#### [WHAT YOU HAVE TO DO]
Scan the records below for the line with "Holiday park Locations De Giulia 4*" and the line with "Oude boeken over", and retype that range exactly, both ends included, pictures excepted.

#### [EXCERPTED DATA]

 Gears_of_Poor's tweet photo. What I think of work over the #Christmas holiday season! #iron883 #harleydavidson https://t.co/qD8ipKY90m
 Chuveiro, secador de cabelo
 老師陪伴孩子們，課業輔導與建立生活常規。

--

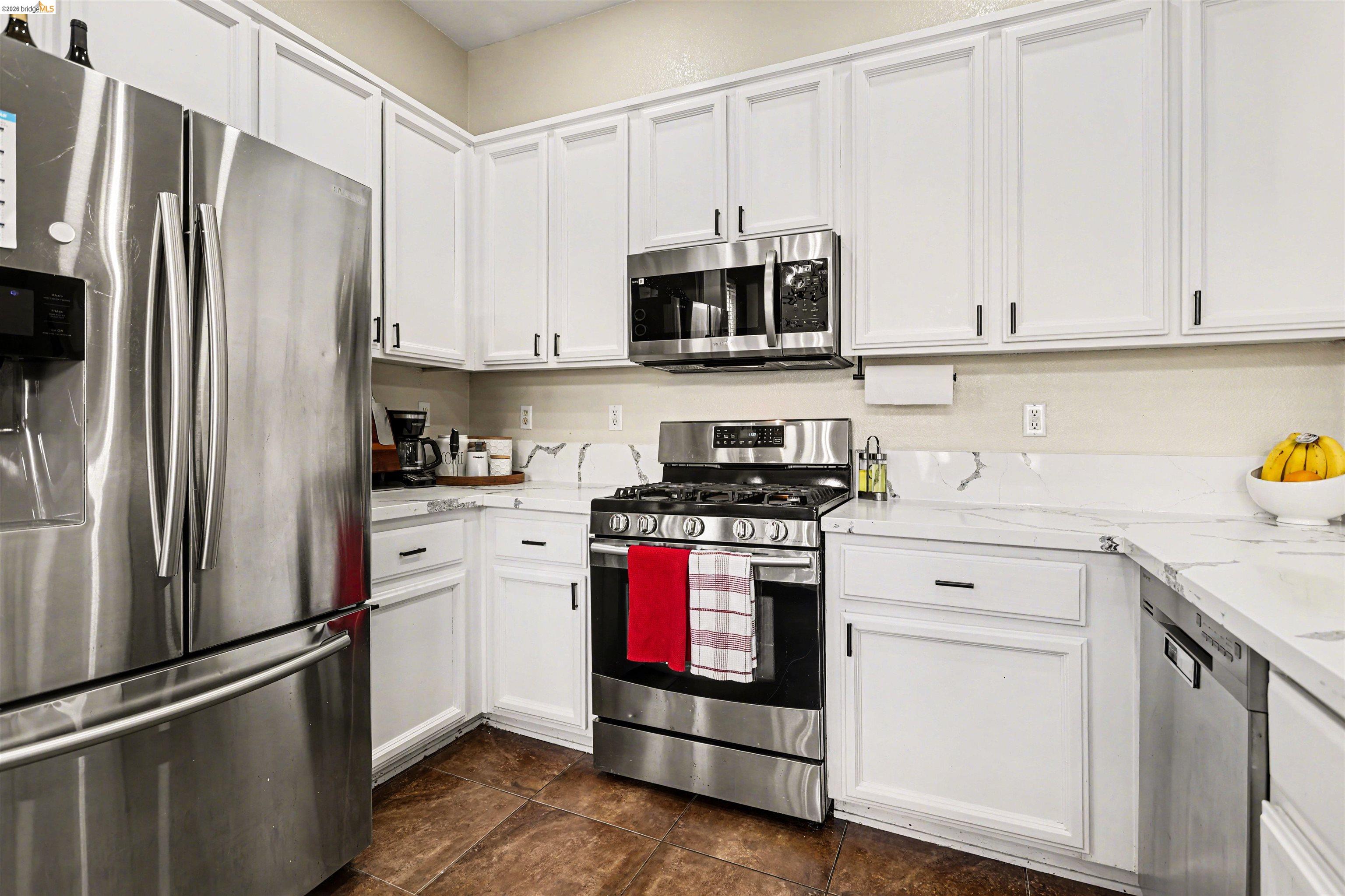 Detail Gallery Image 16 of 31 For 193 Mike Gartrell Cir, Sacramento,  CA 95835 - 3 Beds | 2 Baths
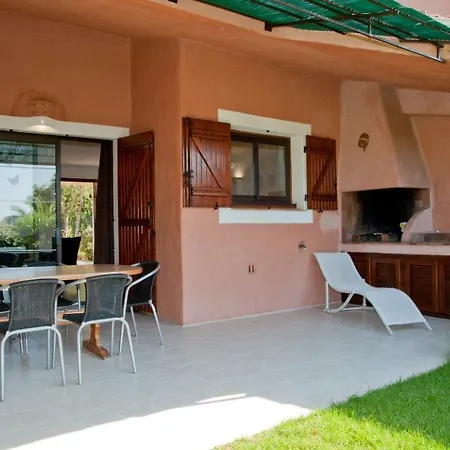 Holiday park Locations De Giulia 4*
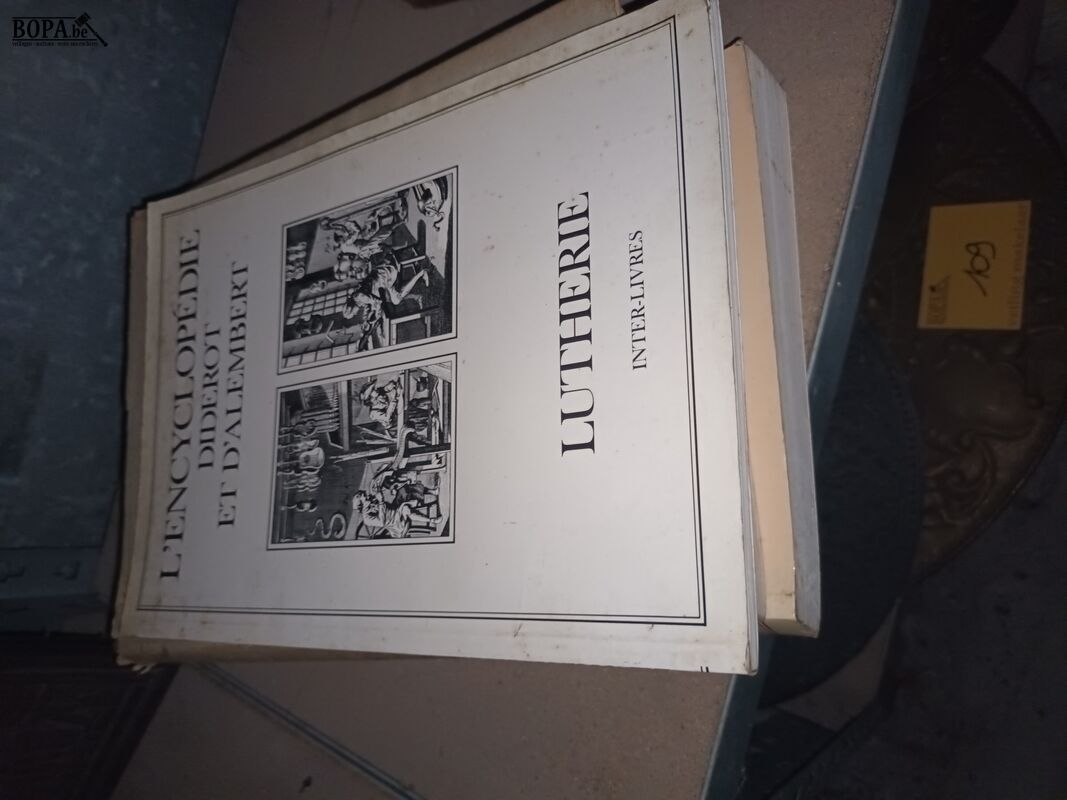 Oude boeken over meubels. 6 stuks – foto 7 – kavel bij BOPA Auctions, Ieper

#### [TASK SOLUTION]
 Holiday park Locations De Giulia 4*
 Oude boeken over meubels. 6 stuks – foto 7 – kavel bij BOPA Auctions, Ieper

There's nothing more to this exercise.